Every other friday in my Lutheran Confessional Writings class we have a free-for-all sort of lecture where you are invited to ask the professor a question related to any of the recent course material. One of my classmates asked a question about the importance of "guarding the table" with regards to communion.
This phrase, which is not a Lutheran of receiving the sacraments, comes up from time to time. It usually refers to pastors preventing people from taking communion if they have not been baptized, or to a lesser extent, not a part of a specific denomination or congregation. I have been refused communion in Catholic churches and was interrogated by a Missouri Synod pastor once in Sioux Falls to make sure that I had a correct understanding of what communion was before I received it.
I cannot think of a worse thing for a pastor to be doing, to be "guarding" the sacraments from people who might not have a correct understanding of them or are worthy. The table belongs to the Lord, not to a specific congregation or pastor or denomination, and the body and blood of Christ are a gift freely given to all. We as public ministers should not be determining anyone's fitness for receiving such a gift. Because if we are basing it on worthiness or understanding, none of us should ever receive it.
My pastor in Denver includes some fantastic things in the words of institution that she says every week. She says in the beginning, "In the night in which he was betrayed, Jesus gathered with his faltering friends for a meal that tasted of freedom" and with the invitation to the table, "Behold who you are, become what you receive." These have shaped my theological understanding and my own ministry in the roster of Word and Sacrament.

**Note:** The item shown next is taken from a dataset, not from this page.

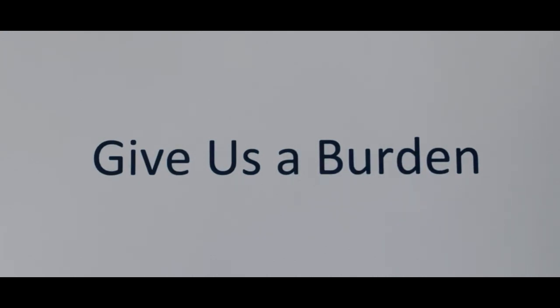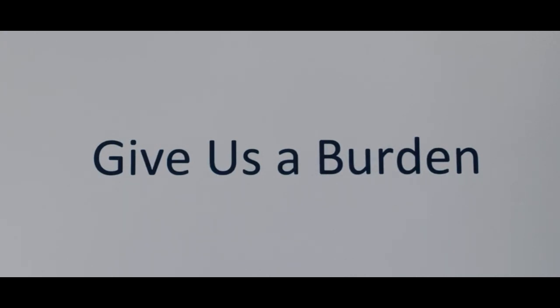It's good we are praying for those who need healing, but let's not forget those precious lost souls who soon will be ruined, forever and ever. Lord, give us a burden, a burden for souls.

If we are taking the Words of Institution seriously, we should NEVER be turning anyone away from the Lord's Table. Jesus gathered with his imperfect friends, one of whom would turn him over to the Pharisees, Judas, and one who would deny him three times, Peter. Yet he still broke bread with them and asked them to remember him and draw closer to God every time they partake of his body and blood. And that we do not come to the table as whole people, rather we come broken and imperfect and adrift in the world. We get our identity from the Sacraments. It is from this knowledge that the draw towards baptism comes, but it should never be a prerequisite for receiving the Eucharist.